中國藝術研究院美術學博士,著名藝術批評家、獨立策展人,中國國家畫院理論部研究員,中國文藝評論家協會藝術產業研究委員會秘書長。20 世紀90 年代以來策劃了一系列重要的前衛藝術展,并發表了大量藝術評論和學術論文。曾任《雕塑》雜志執行主編,參與創辦世紀在線中國藝術網,798 藝術區藝術總監,創辦了國內首個當代藝術的跨學科課程“19 層空間當代藝術高研班”。
《新藝術史和視覺敘事》(湖南美術出版社,2003 年)
《Video:20 世紀后期的新媒介藝術》(中國人民大學出版社,2005 年)
《1990 年以來的中國先鋒攝影》(湖南美術出版社,2004 年)
《形象的模糊:里希特三十年藝術訪談和筆記》(湖南美術出版社,2007 年)
《當代藝術理論前沿》(江蘇美術出版社,2009 年、2010 年、2012 年)
《未來指向?影像藝術》《未來指向?雕塑裝置》(湖南美術出版社,2012 年)
《中國當代藝術批評——朱其自選集》(北岳文藝出版社,2015 年)
上海《東方早報》2007 年“文化中國”年度人物獎
2008 年中國批評家年會“年度青年批評家獎”
《美術報》2008 年度中國美術界十大人物獎
2012 年臺灣《藝術》英文雜志第二屆“中國當代藝術批評寫作獎”
2013 年523 海安藝術思想論壇“年度藝術批評獎”
姚風(以下簡稱姚):您好,朱其老師,很高興您接受我們的采訪。
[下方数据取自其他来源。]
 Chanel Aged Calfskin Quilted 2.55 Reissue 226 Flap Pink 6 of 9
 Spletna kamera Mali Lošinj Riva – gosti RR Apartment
首先,您作為中國當代藝術評論家和策展人,也是重要參與者之一,談及當代藝術近十年的發展特點,您最先下意識想到的是什么?
朱其(以下簡稱朱):“高級的平庸”,即當代藝術正在成為像油畫、雕塑從古典語言到現代主義一樣的新語言套路,因為藝術學院的普及,今天大部分藝術家都受過現代主義之后的當代藝術史、藝術理論和創作方法的訓練,這使得20 世紀六七十年代以來當代藝術的語言方法變成一種新的套路,而且水平的同質化比較嚴重,就是看不到很好的作品,也看不到很差的作品,都像是當代藝術流水線教育下產生的達到合格指標的產品。所以,我將這種現象稱之為“高級的平庸”。這不光是中國現象,整個西方和各國的當代藝術都是如此。
姚:那么,在中國什么是推動當代藝術的發展動力?
朱:如果你是指一個行業機制,現在看不到有一個什么發展的動力機制。從1979 年迄今的40 年,作為一個行業的發展動力有過三次:一是20 世紀80 年代改革初十年,思想解放和現代主義進程的重啟帶來的藝術新潮運動;二是1993—2000 年,中國當代藝術走紅國際展覽體系帶來的國際動力;三是2007—2010 年,藝術資本的大量進入形成的市場動力。從2010 年至今,這三個動力基本上熄火了。但并沒有形成新的生態機制。
姚:當代藝術在中國與西方的形態不一樣,那么中國當代藝術強調的應該是什么?它的意義是什么?價值觀又是什么?
朱:當代藝術使用的基本的語言形態,基本上沒有越出西方20 世紀六七十年代的模式,因為總體上,中國的當代藝術并未在模式上超越,可能在表面形態上、圖像的中國符號上有所不同,但這種不同也是在20 世紀六七十年代的語言模式的框架中的。我認為,當代藝術首先應該強調藝術家個人能夠提供一種什么樣的與過去不同的語言差異性,而非在創造性的成果出爐前,先去假設一個不同于西方的中國當代藝術是什么。在創造性成果產生之前,這個假設性的問題是無法說清楚的。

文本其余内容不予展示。